Klondike and Johnson fought again twice, with one bout ending as a draw and the third with Johnson winning by a technical knockout.

Black Heavyweight Championship
On 4 September 1898, Frank Childs lost his world colored heavyweight title to George Byers. Regardless of losing the title, Childs fought Bob Armstrong again on 4 March 1899 in Cincinnati, Ohio in a fight announced as a title bought, despite Byers being the legitimate champion. He defeated Armstrong via a TKO in the sixth round of a 10-round bout.

On 11 August 1899, Childs challenged Klondike for his "Black Heavyweight Championship". In a six-round contest in Chicago, Childs prevailed by outpointing the "Black Hercules". On October 28 of that year, they met in a rematch in Chicago in which Childs retained the black heavyweight title by K.O.-ing Klondike in the third round of a six-round contest.

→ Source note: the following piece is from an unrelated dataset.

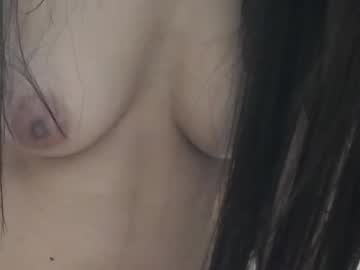 Alexa_Anna April 24, 2026 Chaturbate stream image
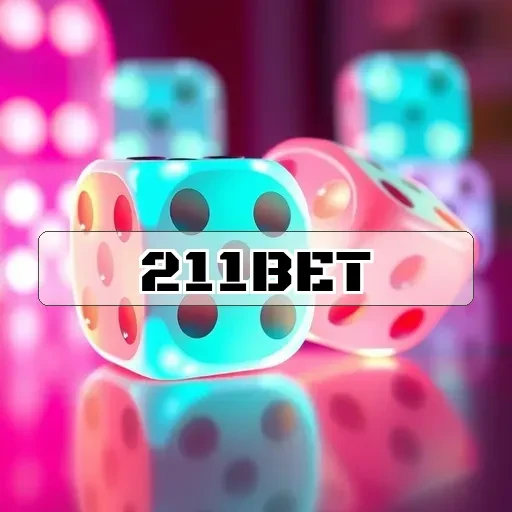 211bet: Aprenda Tudo Sobre a Seção FAQ e Melhore Seus Jogos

On 16 March 1900, Childs put his black heavyweight title on the line and Bryers put up his colored heavyweight crown in a six-round bout that ended in a draw. He fought Joe Butler on 15 December 1900 for the black heavyweight title, dispatching Butler via K.O. in the sixth. Finally, he took back the Colored World Heavyweight Championship legitimately from Bryers on 16 March 1901 in Hot Springs, Arkansas, K.O.-ing him in the 17th round of a 20-round fight. (He did not put up his black heavyweight title, which he never claimed again.)

Many years, later, when Sam Langford was denied a shot at the world heavyweight title by Jack Johnson, Langford claimed himself the colored heavyweight championship, much as Klondike had done a decade earlier when he declared himself the black heavyweight champ by beating the young Johnson. The problem with Langford's pretension was that the colored heavyweight title (which had been Johnson's from 1903 to 1908, when he vacated it upon winning the world heavyweight title) was held by Joe Jeanette.

On 13 July 1909, in Pittsburgh's Bijou Theater, Langford "claimed" the title by facing and defeating Klondike, the erstwhile black heavyweight champ, with a newspaper decision in a six-rounder. After defeating the Dixie Kid in a defense of his proclaimed title on September 29, Langford faced Klondike at the Armory in Boston in his second "title defense". He K.O.'ed Klondike in the second round of a 12-round fight. Langford eventually became undisputed champ when he beat Jeanette on 6 September 1910.

Klondike racked up an official record of 24 wins (14 by K.O.) against eleven losses (K.O.-ed six times) and three draws. He won five newspaper decisions, lost three and drew two.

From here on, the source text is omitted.